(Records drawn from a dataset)
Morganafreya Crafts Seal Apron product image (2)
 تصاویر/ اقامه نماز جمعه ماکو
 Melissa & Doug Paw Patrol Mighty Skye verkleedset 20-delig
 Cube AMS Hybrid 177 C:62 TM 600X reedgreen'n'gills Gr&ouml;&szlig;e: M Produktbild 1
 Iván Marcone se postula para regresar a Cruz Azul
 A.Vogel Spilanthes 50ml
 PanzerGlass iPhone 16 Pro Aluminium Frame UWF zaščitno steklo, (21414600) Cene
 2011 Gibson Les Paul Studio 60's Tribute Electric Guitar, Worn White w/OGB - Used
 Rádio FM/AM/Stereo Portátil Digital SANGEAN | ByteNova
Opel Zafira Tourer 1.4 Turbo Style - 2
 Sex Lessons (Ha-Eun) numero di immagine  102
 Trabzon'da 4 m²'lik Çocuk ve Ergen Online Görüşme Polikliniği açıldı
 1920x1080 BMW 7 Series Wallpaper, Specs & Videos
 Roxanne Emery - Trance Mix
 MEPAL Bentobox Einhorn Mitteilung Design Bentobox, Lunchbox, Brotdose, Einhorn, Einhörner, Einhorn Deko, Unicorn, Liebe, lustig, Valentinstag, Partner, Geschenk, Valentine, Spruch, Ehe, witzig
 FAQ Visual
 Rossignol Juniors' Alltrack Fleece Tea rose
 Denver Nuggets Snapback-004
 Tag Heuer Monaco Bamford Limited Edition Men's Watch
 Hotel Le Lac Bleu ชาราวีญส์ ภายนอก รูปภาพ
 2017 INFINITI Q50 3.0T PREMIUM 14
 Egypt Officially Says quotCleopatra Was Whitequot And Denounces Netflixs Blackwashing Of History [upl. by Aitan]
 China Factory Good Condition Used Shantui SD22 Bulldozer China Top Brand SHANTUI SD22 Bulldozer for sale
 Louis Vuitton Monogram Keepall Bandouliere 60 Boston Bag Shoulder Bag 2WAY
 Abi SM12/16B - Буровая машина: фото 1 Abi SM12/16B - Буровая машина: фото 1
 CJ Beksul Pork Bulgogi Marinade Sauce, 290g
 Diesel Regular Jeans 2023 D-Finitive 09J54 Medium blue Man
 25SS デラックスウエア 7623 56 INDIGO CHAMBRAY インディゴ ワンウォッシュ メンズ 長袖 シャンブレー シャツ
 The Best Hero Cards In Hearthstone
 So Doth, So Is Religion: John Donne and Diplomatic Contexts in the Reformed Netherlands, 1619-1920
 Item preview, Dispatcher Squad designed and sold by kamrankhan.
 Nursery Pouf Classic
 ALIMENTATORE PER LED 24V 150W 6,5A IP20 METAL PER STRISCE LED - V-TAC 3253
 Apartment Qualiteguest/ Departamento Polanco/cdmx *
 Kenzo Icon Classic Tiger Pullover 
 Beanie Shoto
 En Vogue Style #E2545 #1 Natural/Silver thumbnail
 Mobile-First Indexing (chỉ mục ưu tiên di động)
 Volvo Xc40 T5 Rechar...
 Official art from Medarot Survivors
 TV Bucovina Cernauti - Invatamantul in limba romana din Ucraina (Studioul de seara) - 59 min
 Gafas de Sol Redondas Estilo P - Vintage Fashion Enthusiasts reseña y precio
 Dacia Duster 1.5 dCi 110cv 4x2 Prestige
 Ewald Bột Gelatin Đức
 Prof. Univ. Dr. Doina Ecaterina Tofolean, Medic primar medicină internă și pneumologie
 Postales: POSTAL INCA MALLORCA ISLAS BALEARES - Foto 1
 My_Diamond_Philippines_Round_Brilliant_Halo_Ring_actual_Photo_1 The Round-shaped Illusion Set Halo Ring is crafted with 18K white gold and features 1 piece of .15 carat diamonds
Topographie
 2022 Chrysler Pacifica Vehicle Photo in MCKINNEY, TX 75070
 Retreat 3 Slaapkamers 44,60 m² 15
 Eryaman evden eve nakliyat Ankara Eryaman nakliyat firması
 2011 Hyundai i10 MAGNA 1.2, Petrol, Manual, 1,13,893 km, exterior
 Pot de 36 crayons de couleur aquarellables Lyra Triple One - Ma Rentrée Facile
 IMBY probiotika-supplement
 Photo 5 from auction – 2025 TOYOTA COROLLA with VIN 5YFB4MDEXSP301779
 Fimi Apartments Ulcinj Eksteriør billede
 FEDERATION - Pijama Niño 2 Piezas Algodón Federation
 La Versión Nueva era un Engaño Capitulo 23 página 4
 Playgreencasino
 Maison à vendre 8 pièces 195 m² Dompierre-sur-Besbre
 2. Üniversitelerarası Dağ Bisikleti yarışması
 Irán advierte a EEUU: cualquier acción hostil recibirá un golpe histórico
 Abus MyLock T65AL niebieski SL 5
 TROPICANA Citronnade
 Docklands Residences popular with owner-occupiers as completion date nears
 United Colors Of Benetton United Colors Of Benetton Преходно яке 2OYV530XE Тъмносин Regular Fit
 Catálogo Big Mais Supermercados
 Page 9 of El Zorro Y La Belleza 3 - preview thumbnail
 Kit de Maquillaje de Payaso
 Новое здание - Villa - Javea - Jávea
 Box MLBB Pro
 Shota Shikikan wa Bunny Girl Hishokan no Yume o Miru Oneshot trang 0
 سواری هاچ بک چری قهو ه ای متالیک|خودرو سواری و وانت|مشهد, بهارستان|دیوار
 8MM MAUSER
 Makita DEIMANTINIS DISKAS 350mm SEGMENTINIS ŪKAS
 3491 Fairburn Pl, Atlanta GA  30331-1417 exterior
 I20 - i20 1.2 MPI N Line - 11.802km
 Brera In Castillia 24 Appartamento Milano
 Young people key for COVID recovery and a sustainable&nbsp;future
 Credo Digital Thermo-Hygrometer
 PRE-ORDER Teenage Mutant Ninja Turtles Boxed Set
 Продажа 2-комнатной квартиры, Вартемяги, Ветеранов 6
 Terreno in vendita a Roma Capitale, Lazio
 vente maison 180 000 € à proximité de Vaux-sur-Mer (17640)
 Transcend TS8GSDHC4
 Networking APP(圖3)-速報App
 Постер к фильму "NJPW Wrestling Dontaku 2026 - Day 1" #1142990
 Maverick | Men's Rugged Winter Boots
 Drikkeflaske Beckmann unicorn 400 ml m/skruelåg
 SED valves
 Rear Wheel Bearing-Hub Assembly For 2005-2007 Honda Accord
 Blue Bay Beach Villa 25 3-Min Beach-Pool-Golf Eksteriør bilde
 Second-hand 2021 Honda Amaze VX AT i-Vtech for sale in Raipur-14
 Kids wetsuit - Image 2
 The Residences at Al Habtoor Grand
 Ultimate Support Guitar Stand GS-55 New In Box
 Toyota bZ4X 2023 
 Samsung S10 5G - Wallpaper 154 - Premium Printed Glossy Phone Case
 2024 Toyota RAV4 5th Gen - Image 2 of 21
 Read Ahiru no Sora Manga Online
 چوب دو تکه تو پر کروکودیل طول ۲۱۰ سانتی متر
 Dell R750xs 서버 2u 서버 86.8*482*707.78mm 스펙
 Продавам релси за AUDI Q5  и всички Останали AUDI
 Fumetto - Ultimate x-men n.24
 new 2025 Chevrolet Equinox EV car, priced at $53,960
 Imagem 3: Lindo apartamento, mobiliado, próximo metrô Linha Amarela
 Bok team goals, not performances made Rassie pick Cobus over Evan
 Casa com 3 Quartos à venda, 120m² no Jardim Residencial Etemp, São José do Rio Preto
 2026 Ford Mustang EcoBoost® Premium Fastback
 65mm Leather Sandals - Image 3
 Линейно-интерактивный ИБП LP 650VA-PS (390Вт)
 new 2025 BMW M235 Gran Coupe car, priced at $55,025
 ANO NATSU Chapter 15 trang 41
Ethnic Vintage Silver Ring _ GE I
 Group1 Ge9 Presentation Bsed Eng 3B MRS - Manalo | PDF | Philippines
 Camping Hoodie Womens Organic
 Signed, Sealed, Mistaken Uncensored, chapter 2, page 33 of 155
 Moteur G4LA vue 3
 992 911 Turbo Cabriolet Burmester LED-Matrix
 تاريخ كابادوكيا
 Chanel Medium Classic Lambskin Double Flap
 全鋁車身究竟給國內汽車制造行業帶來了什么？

• **Problem to solve**
Whenever the word "Medium" shows up in a line of the entries, copy that line.

• **Output for this exercise**
 Diesel Regular Jeans 2023 D-Finitive 09J54 Medium blue Man
 Chanel Medium Classic Lambskin Double Flap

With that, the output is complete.